Merge pull request #139 from iqbal-saraf/QmaxDynamic

chichun-charlie-liu · web-flow · commit d555ef54a1e8 · 2025-07-16T16:39:05.000-04:00
feat: Add QmaxDynamic to allow unify Qmax , Qminmax, pertokenmax
diff --git a/fms_mo/quant/quantizers.py b/fms_mo/quant/quantizers.py
@@ -123,23 +123,28 @@ def get_activation_quantizer(
             )
         elif qa_mode == "dorefa":
             act_quantizer = dorefa_quantize_activation
-        elif (
-            qa_mode == "max"
-        ):  # NOTE Need to be careful using this for activation, particular to 1 sided.
-            act_quantizer = Qmax(nbits, align_zero=align_zero, minmax=False)
-        elif qa_mode == "minmax":
-            act_quantizer = Qmax(nbits, align_zero=align_zero, minmax=True)
+
+        elif "max" in qa_mode:
+            # NOTE Need to be careful using this for activation, particular to 1 sided.
+            if "min" in qa_mode:
+                act_quantizer = Qmax(nbits, align_zero=align_zero, minmax=True)
+            elif "pertoken" in qa_mode or "perToken" in qa_mode:
+                act_quantizer = QMaxDynamic(nbits, dim=-1)
+            elif "per_channel" in qa_mode or "perCh" in qa_mode:
+                act_quantizer = QMaxDynamic(nbits, dim=-2)
+            elif "sym" in qa_mode:
+                act_quantizer = Qmax(
+                    nbits,
+                    align_zero=True,
+                    minmax=False,
+                    extend_act_range=extend_act_range,
+                )
+            else:
+                act_quantizer = Qmax(nbits, align_zero=align_zero, minmax=False)
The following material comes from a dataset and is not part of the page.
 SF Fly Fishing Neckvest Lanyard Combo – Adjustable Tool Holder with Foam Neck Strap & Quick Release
         elif qa_mode == "fix":
             act_quantizer = QFixSymmetric(
                 nbits, init_clip_val=clip_val, align_zero=align_zero
             )
-        elif qa_mode == "maxsym":
-            act_quantizer = Qmax(
-                nbits,
-                align_zero=True,
-                minmax=False,
-                extend_act_range=extend_act_range,
-            )
         elif qa_mode == "pactsym":
             act_quantizer = PACT2Sym(
                 nbits,
@@ -179,8 +184,6 @@ def get_activation_quantizer(
                     perToken=perToken,
                     emulate=True,
                 )
-        elif qa_mode == "pertokenmax":
-            act_quantizer = PerTokenMax(nbits)
         else:
             raise ValueError(f"unrecognized activation quantization mode {qa_mode}")
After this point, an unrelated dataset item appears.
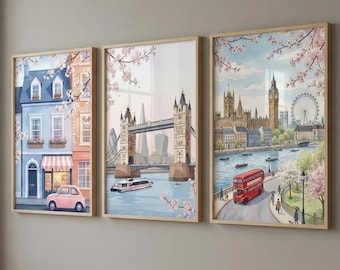 London Travel Art Prints, Set of 3, England Wall Decor (Digital Prints)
     else:  # swcap-compatible activation quantizers
@@ -3491,6 +3494,42 @@ def __repr__(self):
         return f"{self.__class__.__name__}(num_bits={self.num_bits}, quantizer=)"
 
 
+class QMaxDynamic(nn.Module):
+    def __init__(self, num_bits, dim=-1):
+        """
+        For per-token or per-channel quantization using abs().max() as scale, usually for activation
+        and could be used for Qbmm M2 as well.
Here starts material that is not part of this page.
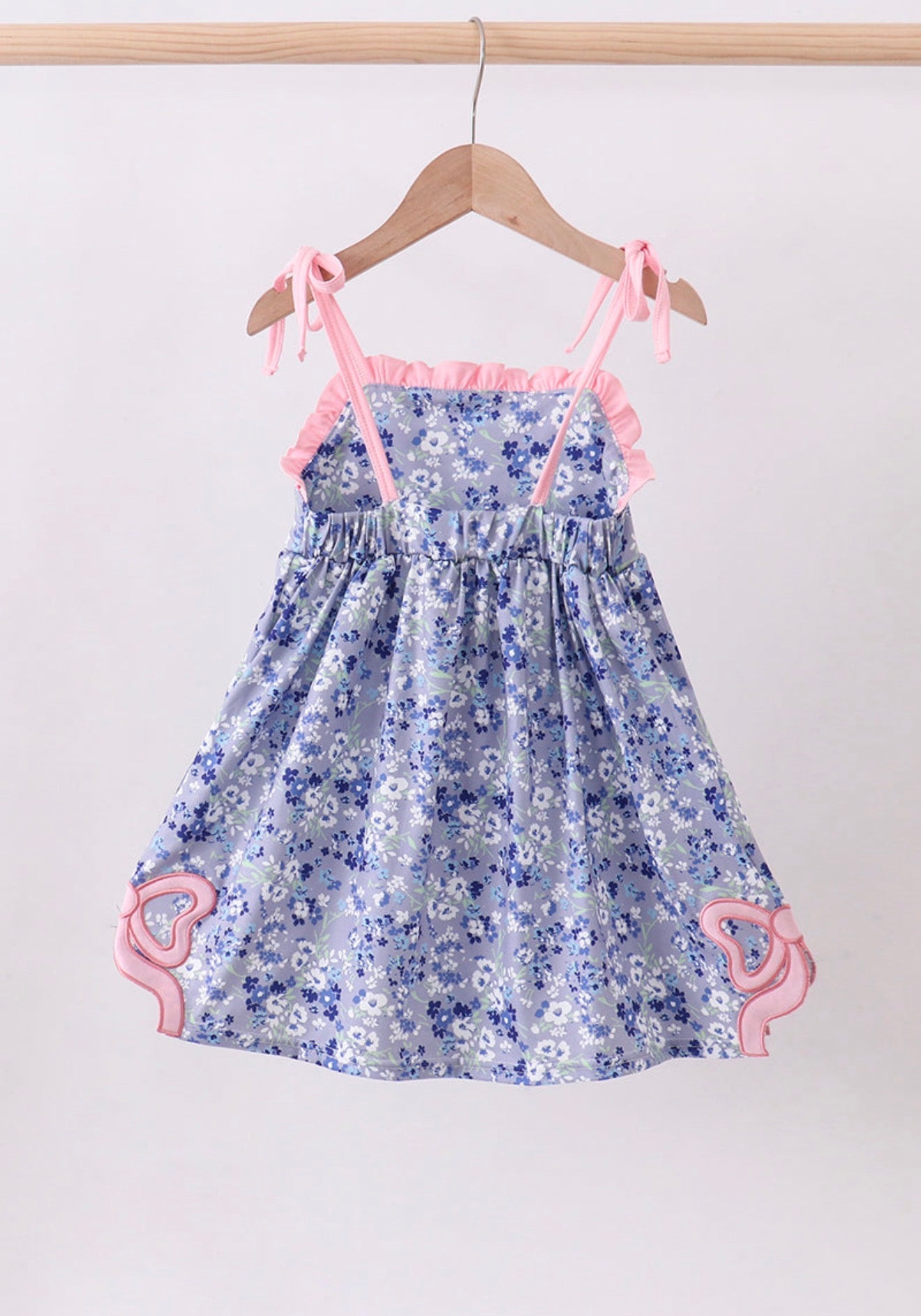 Blue floral bow dress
+        (reduce) dim = -1 -> abs() will output a column vector (if input is 2D) => per token
+                 dim = -2 -> per-channel
+        Zero is aligned so that the levels are symmetric around zero (lossing one level)
+        Since the token length is un-known before running, the quantizater can only calculate the
+        scales at the run times dynamically, meaning no trainable quantization scales is allowed.
+        (unless input seq length is always the same, not just padded to a fixed length.)
+        """
+        super().__init__()
+        self.num_bits = num_bits
+        self.levels = 2 ** (self.num_bits - 1) - 1
+        if isinstance(dim, str):
+            if "perCh" in dim or "per_channel" in dim:
+                dim = -2
+            elif "perToken" in dim or "per_token" in dim or "per_Token" in dim:
+                dim = -1
+        elif dim in [-1, -2]:
+            self.reduce_dim = dim
+        else:
+            raise ValueError(
+                f"Reduce dim can only be [-1, -2] or ['perCh', 'perToken'] but found {dim}"
+            )
+
+    def forward(self, input_tensor):
+        amax_dim = input_tensor.abs().max(dim=self.reduce_dim, keepdim=True)[0]
+        scales = amax_dim.clamp(min=1e-5).div(self.levels)
+        return input_tensor.div(scales).round().mul(scales)
+
+    def __repr__(self):
+        return f"{self.__class__.__name__}(num_bits={self.num_bits}, quantizer=)"
+
+
 class Qdynamic(nn.Module):
     def __init__(
         self,